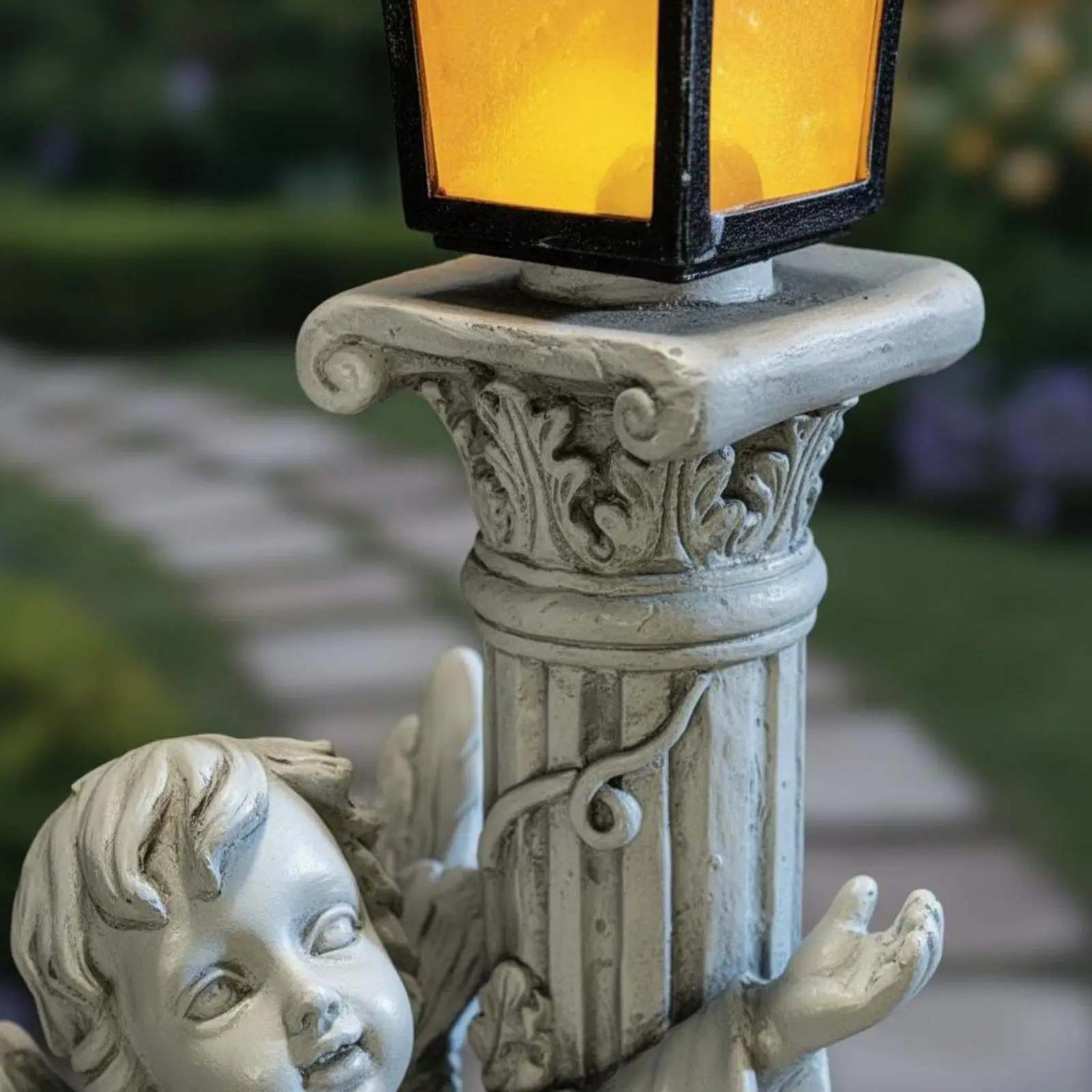 Roman Pillar Angel Statue Weather Resistant Roman Column Night Light for Yard, Patio
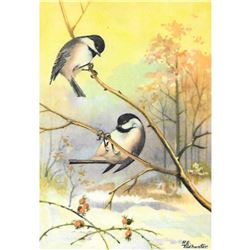 1920's Chickadee Color Lithograph Print
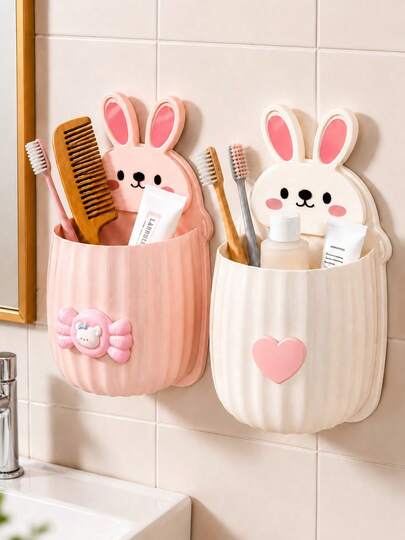 Bolsa de almacenamiento para cepillo de dientes y pasta de dientes montada en la pared, opciones multicolor, 1 pieza estante de almacenamiento con diseño de conejo lindo + decoración de corazón/decoración de caramelo, ahorra espacio, accesorio de decoración para el baño, adecuado para el lavabo y el baño, se usa para almacenar pasta de dientes, cepillo de dientes, peine, pincel de maquillaje y otros artículos
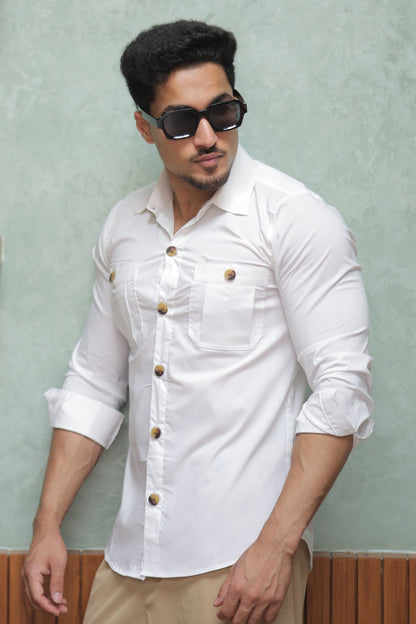 Rajanyas White Classic Double Pocket Shirt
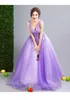 2019 novas fadas de sonhos lavanda vestidos de noite roxo a noiva princesa banquete doce laço apliques longos vestidos de festa de baile 493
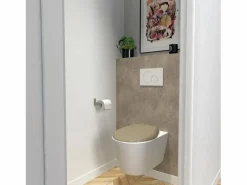 Tapa De Inodoro|Tapa de WC Marina Taupe en Polipropileno Desmontable con Fijación Universal – Fabricación Francesa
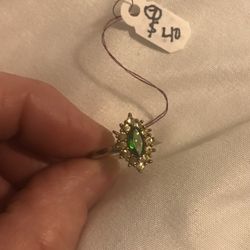 Chrome Diopside & Yellow Sapphire Ring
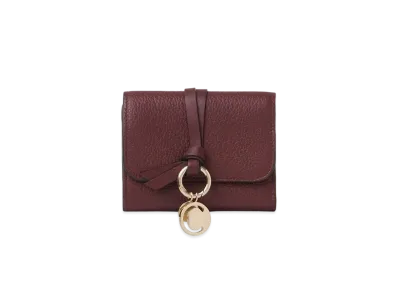 Chloe Alphabet Small Tri-Fold Wallet With Leather Link In Grained & Shiny Calfskin "Burgundy"
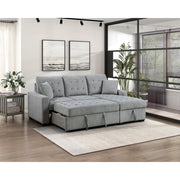 9816GY*SC (2)2-Piece Sectional with Right Chaise, Pull-out Bed and Hidden Storage - 9816GY*SC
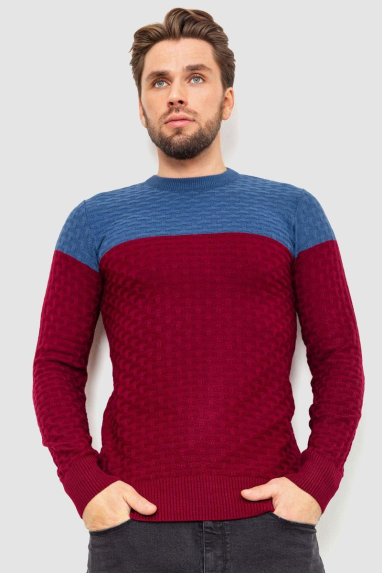 Светр чоловічий двокольоровий, колір синьо-бордовий, 161R1205 XL, 50, XL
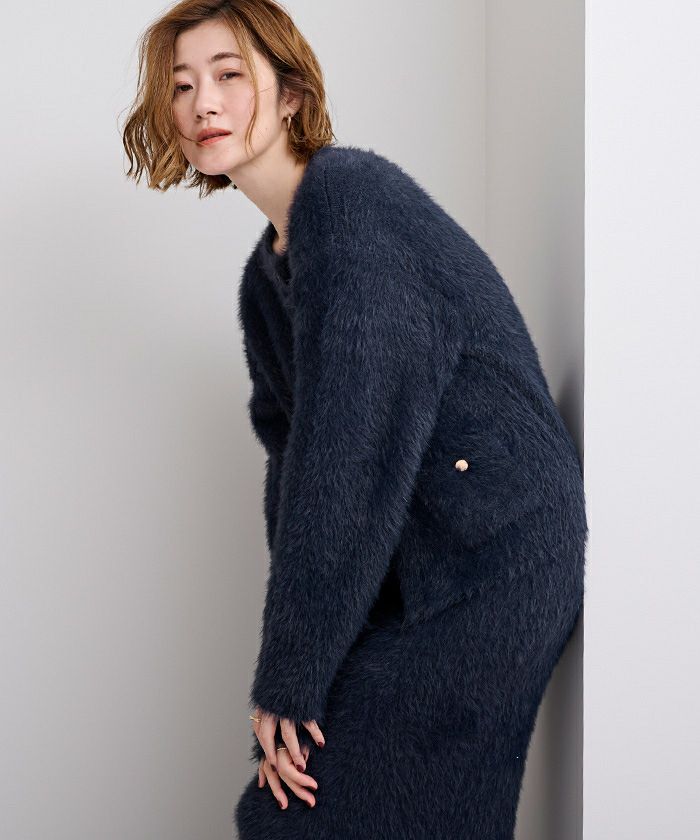 ゴールド釦シャギーニットカーディガン | ur's（ユアーズ）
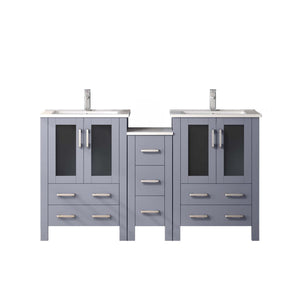 English Elm Dark Grey Double Bath Vanity Set With White Ceramic Top, Faucet, Ample Storage & Modern Design B2731S01167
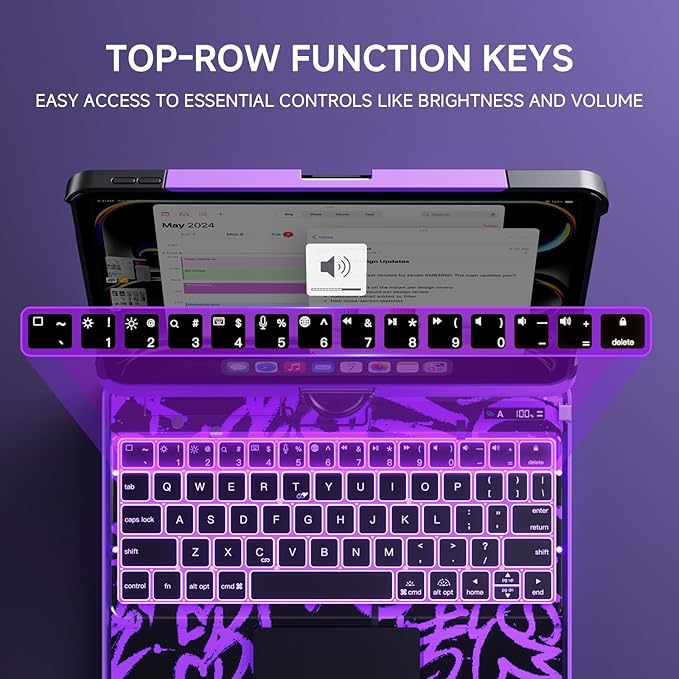 Transparent Case with Keyboard for iPad 9th (7th, 8th, and 9th Gen)10.2 Inch ,with 7-Color Backlit Wireless Keyboard,360°Rotatable Protective Case Multi-Touch Trackpad,with Pencil Holder,Purple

EXERCISE AIM -
Nothing but the lines from the first line of the records above to the line with "2019 novas fadas", inclusive, should be transcribed exactly, and the pictures must be left out.

TASK SOLUTION -
 Roman Pillar Angel Statue Weather Resistant Roman Column Night Light for Yard, Patio
 1920's Chickadee Color Lithograph Print
 Bolsa de almacenamiento para cepillo de dientes y pasta de dientes montada en la pared, opciones multicolor, 1 pieza estante de almacenamiento con diseño de conejo lindo + decoración de corazón/decoración de caramelo, ahorra espacio, accesorio de decoración para el baño, adecuado para el lavabo y el baño, se usa para almacenar pasta de dientes, cepillo de dientes, peine, pincel de maquillaje y otros artículos
 Rajanyas White Classic Double Pocket Shirt
 2019 novas fadas de sonhos lavanda vestidos de noite roxo a noiva princesa banquete doce laço apliques longos vestidos de festa de baile 493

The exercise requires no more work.